Obama’s mosque speech vs. history.
President Barack Obama spoke for the first time as president at a U.S. mosque on February 3, 2016. His choice was the Muslim Brotherhood-linked Islamic Society of Baltimore mosque, where he portrayed Islam as having “always been part of America.”
The Islamic Society of Baltimore was established in 1969. If Obama had wanted to speak at “the oldest purpose-built mosque that is still in use today” in the United States, in order to try to demonstrate that Islam has “always been part of America,” he would have found it in Cedar Rapids, Iowa. It would not have helped his cause, however. This mosque, known as “the Mother Mosque of America,” dates way back – drum roll, please – to 1934. The oldest mosque in the U.S. was built in North Dakota in 1929.
To provide some perspective on how short a time it has been since the first mosques in the United States were built, the Touro Synagogue in Newport, Rhode Island, the oldest surviving Jewish synagogue building in North America, was completed in 1763.
Nevertheless, in making the case that Islam has “always been part of America,” Obama noted that Muslims were arriving on our shores as far back as colonial times.
“Starting in colonial times, many of the slaves brought here from Africa were Muslim,” Obama declared.
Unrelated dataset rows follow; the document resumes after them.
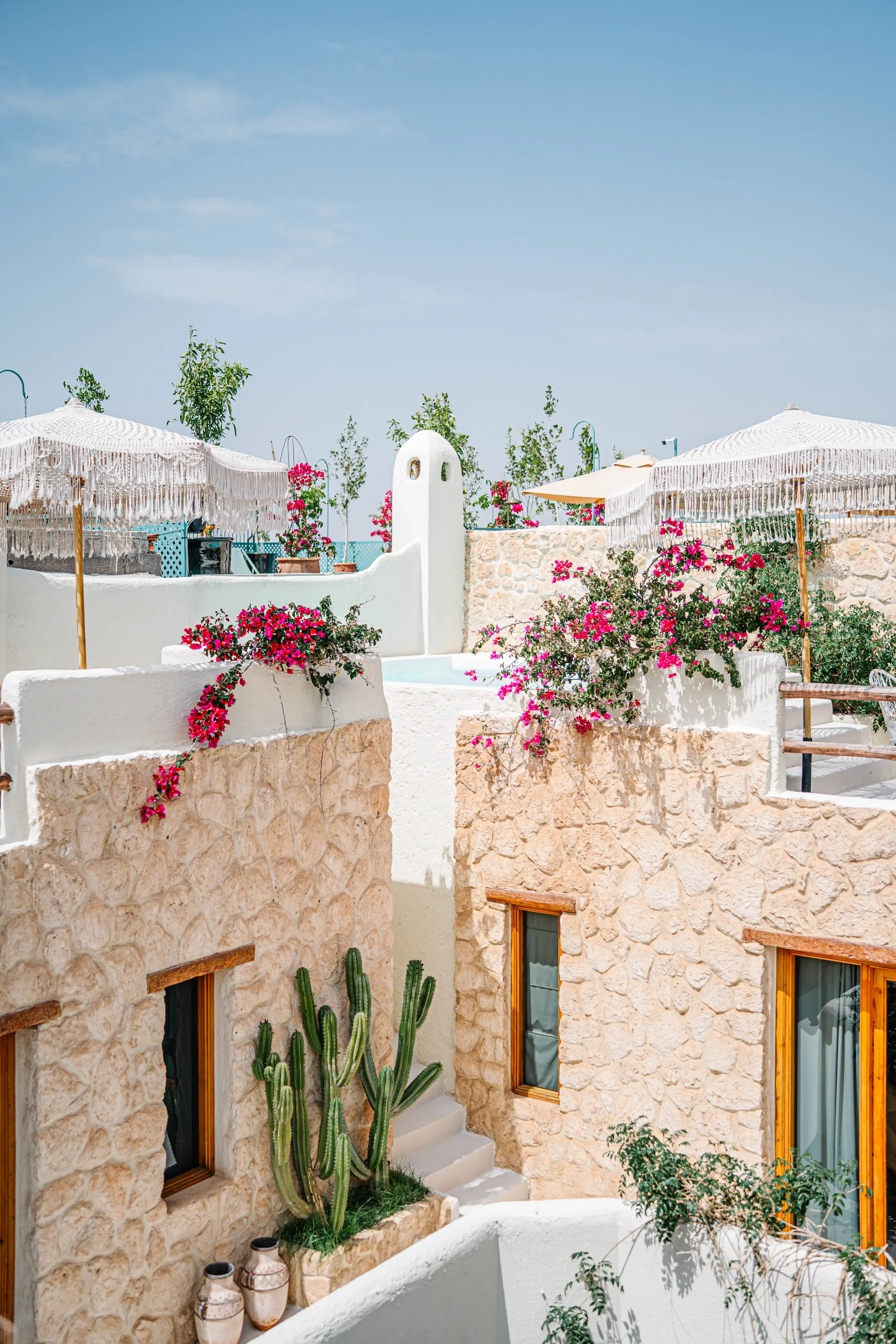 Sunny rooftop terrace at Pure House riad in Marrakech offering panoramic views of the Medina and Atlas Mountains Sunny rooftop terrace at Pure House riad in Marrakech offering panoramic views of the Medina and Atlas Mountains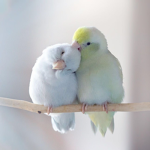 {pastel birds}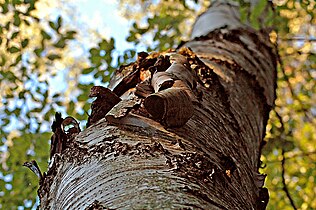 Tree trunks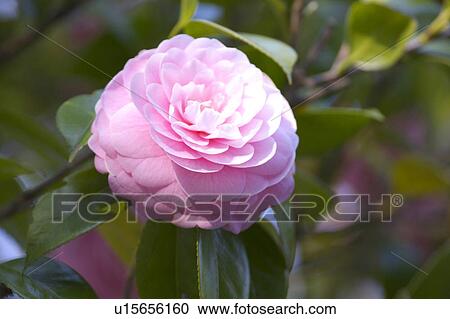 Camellia View Large Photo Image Stock Image - Camellia. Fotosearch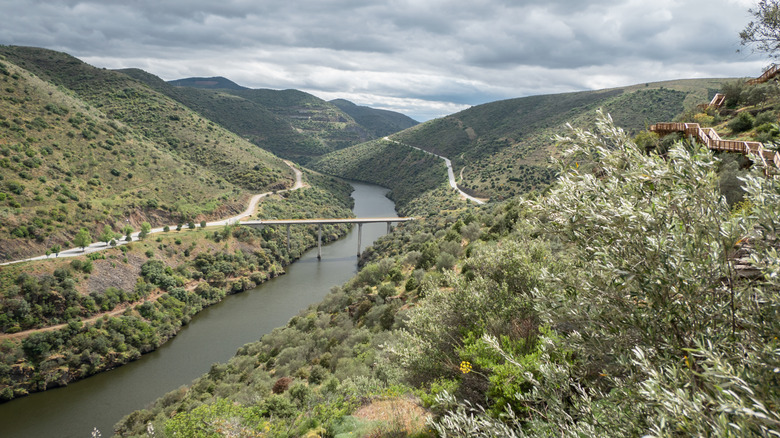 A bridge crosses a river between steep banks in the Greater Côa Valley, Portugal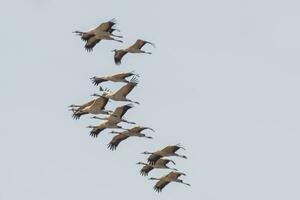 2 cranes fly in the blue sky in spring photo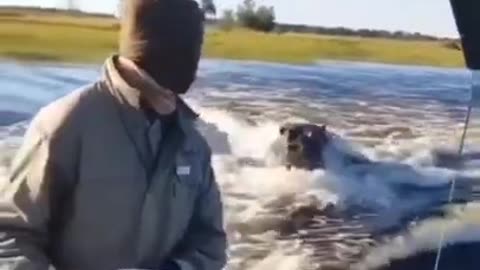 Angry Hippo chases a boat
It is worth recalling the National Prayer Breakfast about a year ago, when Obama charged that “Slavery…all too often was justified in the name of Christ.” He evidently believes that the early waves of Muslims coming to America as slaves were entirely the victims of a Christian-based slavery system. He won’t admit the truth: that their Muslim brethren in Africa had sold some of “the slaves brought here from Africa” in the first place. These Muslim slave traders were jihadists operating in West African territories that had been forcibly taken over by Muslim warriors and turned into Islamic theocracies.
Muslims brought to America as slaves, approximately 10 to 15 percent of the overall slave population, carried with them the attitude of Islamic supremacy that they had grown up with in Africa.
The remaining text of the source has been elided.